# Group election



## Don (May 14, 2004)

what are some good books that deal with the argument that Christ only elected a group rather than individuals? I brought out the specific instances but he claims God only elects some but not others. I have alot of books on Calvinism but not any that deal with the group election idea. James White dealt with it in a debate but I was wanting a book of some sorts. he is church of Christ and a Pelagian. 

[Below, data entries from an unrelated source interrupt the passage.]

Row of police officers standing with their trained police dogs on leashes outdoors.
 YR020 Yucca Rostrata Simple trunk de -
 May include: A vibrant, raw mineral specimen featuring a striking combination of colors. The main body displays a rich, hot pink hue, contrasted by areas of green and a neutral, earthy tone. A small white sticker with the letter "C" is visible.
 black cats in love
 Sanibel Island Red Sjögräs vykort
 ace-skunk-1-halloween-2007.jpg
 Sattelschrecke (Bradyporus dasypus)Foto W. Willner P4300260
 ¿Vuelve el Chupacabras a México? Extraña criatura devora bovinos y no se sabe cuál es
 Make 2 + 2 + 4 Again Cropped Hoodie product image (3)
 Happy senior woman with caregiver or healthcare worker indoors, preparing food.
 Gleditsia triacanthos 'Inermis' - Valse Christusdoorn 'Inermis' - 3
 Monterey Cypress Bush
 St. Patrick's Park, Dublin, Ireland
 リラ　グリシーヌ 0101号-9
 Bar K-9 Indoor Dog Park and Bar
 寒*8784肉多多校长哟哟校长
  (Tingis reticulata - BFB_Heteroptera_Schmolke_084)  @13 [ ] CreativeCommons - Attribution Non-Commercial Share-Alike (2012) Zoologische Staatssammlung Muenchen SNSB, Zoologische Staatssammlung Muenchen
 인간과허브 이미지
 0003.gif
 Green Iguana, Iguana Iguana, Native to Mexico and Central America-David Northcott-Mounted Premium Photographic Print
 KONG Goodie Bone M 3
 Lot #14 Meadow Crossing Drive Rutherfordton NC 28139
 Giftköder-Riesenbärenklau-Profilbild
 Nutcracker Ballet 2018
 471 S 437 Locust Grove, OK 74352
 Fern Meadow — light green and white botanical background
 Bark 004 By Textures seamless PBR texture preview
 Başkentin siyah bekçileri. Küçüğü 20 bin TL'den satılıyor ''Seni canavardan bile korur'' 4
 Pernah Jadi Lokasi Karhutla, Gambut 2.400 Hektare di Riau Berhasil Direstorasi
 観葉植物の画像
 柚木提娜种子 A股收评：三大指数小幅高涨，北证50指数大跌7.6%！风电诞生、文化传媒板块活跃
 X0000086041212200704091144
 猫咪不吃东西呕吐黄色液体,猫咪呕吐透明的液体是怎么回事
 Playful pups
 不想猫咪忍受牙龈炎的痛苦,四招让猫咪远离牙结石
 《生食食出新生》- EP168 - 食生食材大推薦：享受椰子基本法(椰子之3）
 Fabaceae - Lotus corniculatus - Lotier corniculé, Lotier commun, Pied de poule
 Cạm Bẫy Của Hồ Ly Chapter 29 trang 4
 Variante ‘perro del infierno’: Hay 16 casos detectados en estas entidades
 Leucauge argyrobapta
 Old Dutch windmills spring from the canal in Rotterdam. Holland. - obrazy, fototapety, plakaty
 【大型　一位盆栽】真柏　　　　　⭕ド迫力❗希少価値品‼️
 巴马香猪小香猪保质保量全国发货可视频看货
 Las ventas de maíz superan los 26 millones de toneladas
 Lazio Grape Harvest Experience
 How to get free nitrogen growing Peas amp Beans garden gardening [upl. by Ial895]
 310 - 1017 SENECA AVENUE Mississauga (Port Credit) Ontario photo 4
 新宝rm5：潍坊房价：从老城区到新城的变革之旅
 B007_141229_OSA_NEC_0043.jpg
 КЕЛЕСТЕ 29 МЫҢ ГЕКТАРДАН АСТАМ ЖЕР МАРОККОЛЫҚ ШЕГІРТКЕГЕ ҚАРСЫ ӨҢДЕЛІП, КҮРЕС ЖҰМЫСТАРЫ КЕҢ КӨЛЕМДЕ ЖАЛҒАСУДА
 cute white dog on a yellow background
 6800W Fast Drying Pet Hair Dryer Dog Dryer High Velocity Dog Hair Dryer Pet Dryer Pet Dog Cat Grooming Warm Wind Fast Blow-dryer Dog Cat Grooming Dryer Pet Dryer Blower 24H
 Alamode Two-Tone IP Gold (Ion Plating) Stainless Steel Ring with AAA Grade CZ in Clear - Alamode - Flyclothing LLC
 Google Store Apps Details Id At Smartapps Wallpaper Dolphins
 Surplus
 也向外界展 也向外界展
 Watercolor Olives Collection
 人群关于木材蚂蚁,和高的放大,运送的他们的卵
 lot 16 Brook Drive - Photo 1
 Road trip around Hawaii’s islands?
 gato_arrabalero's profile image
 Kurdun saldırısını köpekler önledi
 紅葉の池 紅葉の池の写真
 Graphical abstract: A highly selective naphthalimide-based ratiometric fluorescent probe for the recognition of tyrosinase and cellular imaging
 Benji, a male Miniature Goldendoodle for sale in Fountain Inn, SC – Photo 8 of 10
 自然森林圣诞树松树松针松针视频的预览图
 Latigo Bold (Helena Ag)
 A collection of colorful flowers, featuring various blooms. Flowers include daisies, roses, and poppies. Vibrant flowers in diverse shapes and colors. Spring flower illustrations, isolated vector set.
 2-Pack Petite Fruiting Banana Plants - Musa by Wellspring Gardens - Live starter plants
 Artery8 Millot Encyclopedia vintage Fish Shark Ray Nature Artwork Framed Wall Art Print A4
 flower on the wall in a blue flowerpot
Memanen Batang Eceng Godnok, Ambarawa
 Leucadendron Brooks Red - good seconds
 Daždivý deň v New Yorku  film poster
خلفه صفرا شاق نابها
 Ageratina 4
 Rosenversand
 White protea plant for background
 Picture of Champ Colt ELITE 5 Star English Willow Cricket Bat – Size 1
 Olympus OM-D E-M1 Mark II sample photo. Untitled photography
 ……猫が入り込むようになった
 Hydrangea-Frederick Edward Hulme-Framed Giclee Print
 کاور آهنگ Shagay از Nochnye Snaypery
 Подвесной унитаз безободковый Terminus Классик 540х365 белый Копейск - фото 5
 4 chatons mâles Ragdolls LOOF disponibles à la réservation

[Edited on 5-15-2004 by Don]


----------



## andreas (May 15, 2004)

&lt;&lt;&lt;what are some good books that deal with the argument that Christ only elected a group rather than individuals? I brought out the specific instances but he claims God only elects some but not others. I have alot of books on Calvinism but not any that deal with the group election idea. James White dealt with it in a debate but I was wanting a book of some sorts. he is church of Christ and a Pelagian. &gt;&gt;&gt;


For thou art an holy people unto the LORD thy God: the LORD thy God hath chosen thee to be a special people unto himself, above all people that are upon the face of the earth.deut. 7:6

Ye have not chosen me, but I have chosen you, and ordained you, that ye should go and bring forth fruit, and that your fruit should remain: that whatsoever ye shall ask of the Father in my name, he may give it you.john 15:16

For whom he did foreknow, he also did predestinate to be conformed to the image of his Son, that he might be the firstborn among many brethren.rom. 8:29

And that he might make known the riches of his glory on the vessels of mercy, which he had afore prepared unto glory,rom. 9:23

According as he hath chosen us in him before the foundation of the world, that we should be holy and without blame before him in love:eph. 1:4

For we are his workmanship, created in Christ Jesus unto good works, which God hath before ordained that we should walk in them.eph. 2:10

Put on therefore, as the elect of God, holy and beloved, bowels of mercies, kindness, humbleness of mind, meekness, longsuffering;col.3:12

Who hath saved us, and called us with an holy calling, not according to our works, but according to his own purpose and grace, which was given us in Christ Jesus before the world began,2 timothy 1:9

No man that warreth entangleth himself with the affairs of this life; that he may please him who hath chosen him to be a soldier.2 timothy 2:4

Nevertheless the foundation of God standeth sure, having this seal, The Lord knoweth them that are his. And, Let every one that nameth the name of Christ depart from iniquity.2 timothy2:19

Elect according to the foreknowledge of God the Father, through sanctification of the Spirit, unto obedience and sprinkling of the blood of Jesus Christ: Grace unto you, and peace, be multiplied.1 peter1:2

God elects individuals who together form the group of the elect,the church,the body of Christ.As the body is made up of individual parts,so is the body of Christ, the church, made up of individuals ,each elected to glory,all forming the body ,
andreas.


----------



## Puritan Sailor (May 15, 2004)

The most obvious answer to his theory is simply the fact that a group is made of individuals. You can't get around that no matter how hard you try to twist the words. Who are those whom the Father &quot;gives&quot; to the Son? (John 6)


----------